=== Information provided ===
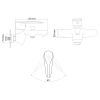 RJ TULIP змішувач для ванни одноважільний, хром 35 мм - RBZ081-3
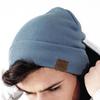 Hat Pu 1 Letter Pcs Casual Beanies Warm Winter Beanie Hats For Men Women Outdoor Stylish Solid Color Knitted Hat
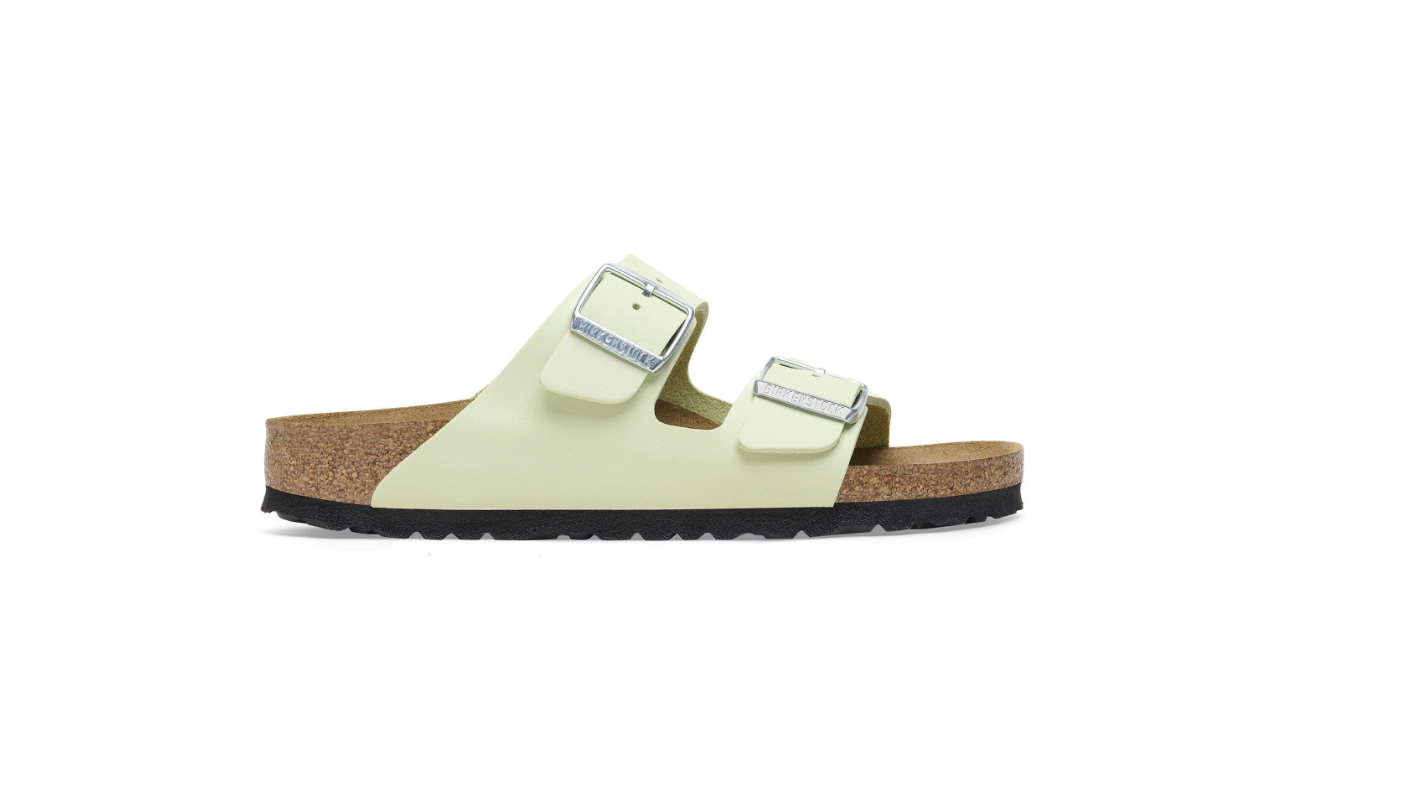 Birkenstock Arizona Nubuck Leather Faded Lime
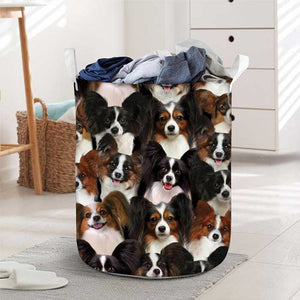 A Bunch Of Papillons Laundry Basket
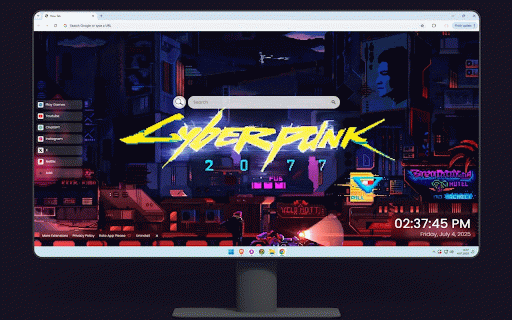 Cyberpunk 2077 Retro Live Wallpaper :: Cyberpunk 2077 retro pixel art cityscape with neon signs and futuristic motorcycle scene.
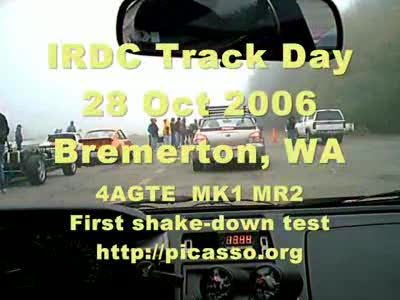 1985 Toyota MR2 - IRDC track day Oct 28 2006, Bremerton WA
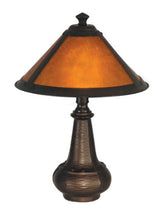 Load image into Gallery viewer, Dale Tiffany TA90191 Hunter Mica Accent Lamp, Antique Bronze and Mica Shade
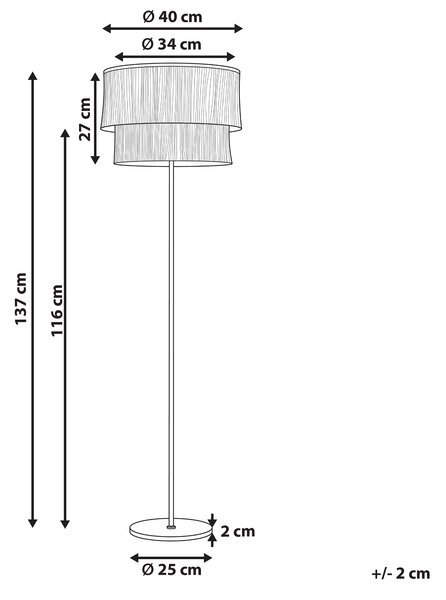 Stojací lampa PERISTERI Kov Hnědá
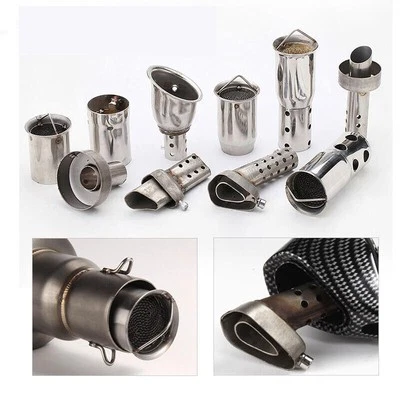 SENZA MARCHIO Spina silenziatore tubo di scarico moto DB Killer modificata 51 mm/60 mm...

* * *

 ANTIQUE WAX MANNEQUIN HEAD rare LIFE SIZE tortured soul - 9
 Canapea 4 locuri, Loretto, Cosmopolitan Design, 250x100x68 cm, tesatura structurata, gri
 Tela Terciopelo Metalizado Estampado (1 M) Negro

=== Exercise ===
From the records above, give again only the part that opens with the line containing "RJ TULIP змішувач" and closes with the line containing "1985 Toyota MR2". Keep both ends but drop the pictures.

=== Answer for this exercise ===
 RJ TULIP змішувач для ванни одноважільний, хром 35 мм - RBZ081-3
 Hat Pu 1 Letter Pcs Casual Beanies Warm Winter Beanie Hats For Men Women Outdoor Stylish Solid Color Knitted Hat
 Birkenstock Arizona Nubuck Leather Faded Lime
 A Bunch Of Papillons Laundry Basket
 Cyberpunk 2077 Retro Live Wallpaper :: Cyberpunk 2077 retro pixel art cityscape with neon signs and futuristic motorcycle scene.
 1985 Toyota MR2 - IRDC track day Oct 28 2006, Bremerton WA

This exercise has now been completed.